One consolation; in Berlin, where it belongs to the local coalition government, the Left did well, especially in East Berlin, re-electing four candidates directly and coming closer than ever in two other boroughs, while militant Left groups in West Berlin gained more than in older East Berlin strongholds.
On the national level dramatic developments may well be in the offing. Since the SPD refuses to renew its unhappy coalition with Merkel’s double party, she will be forced, to gain a majority of seats in the Bundestag, to join with both the big business FDP and the torn, vacillating Greens. Both dislike each other heartily, while many grass-roots Greens oppose a deal with either Merkel or the equally rightwing FDP. Can those three join together and form a so-called “Jamaica coalition”- based on the colors of that country’s flag, black (CDU-CSU), yellow(FDP) and Green? If not, what then? Since no-one will join with the far-right AfD – not yet, anyway – no solution is visible, or perhaps possible.

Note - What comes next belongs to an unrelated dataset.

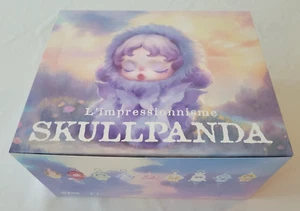 Auténtico colgante de vinilo de felpa POP MART - Skullpanda L'impressionnisme - Vendedor de EE. UU. - Imagen 1 de 12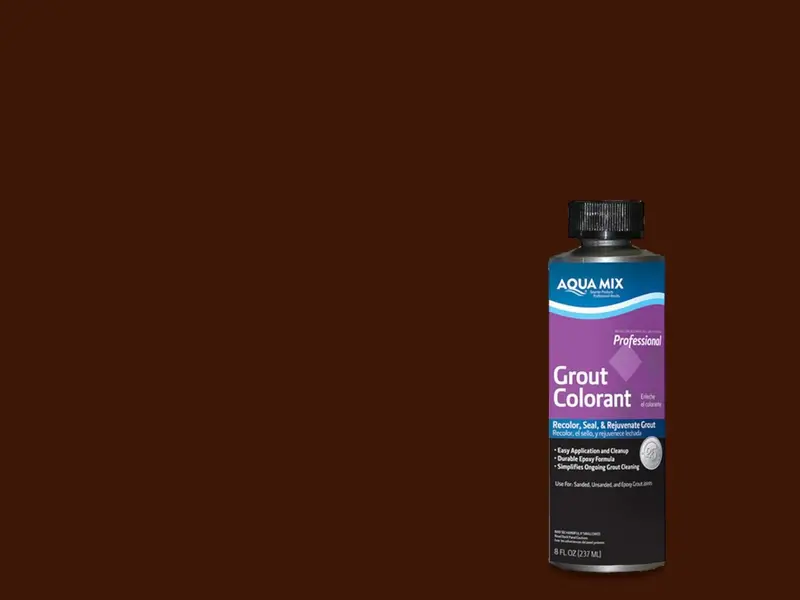 Aqua Mix Grout Colorant #958 Centura Espresso 237 ml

The major question, above all, is all too clear; will it be possible to push back the menace of a party replete with echoes of a horrifying past and full of its admirers, whoever more openly want to reincarnate it, and are ready to employ any and every method to achieve their nightmare dreams. And can, as part of the defeat of this menace, such looming dangers to world peace be repelled?
Victor Grossman is a journalist from the U.S. now living in Berlin. He fled the U.S. in the 1950s in danger of reprisals for his left-wing activities at Harvard and in Buffalo, New York. He landed in the former German Democratic Republic (Socialist East Germany), studied journalism, founded a Paul Robeson Archive and became a freelance journalist and author. One of his books is available in English: “Crossing the River: A Memoir of the American Left, the Cold War, and Life in East Germany” (2003, University of Massachusetts Press).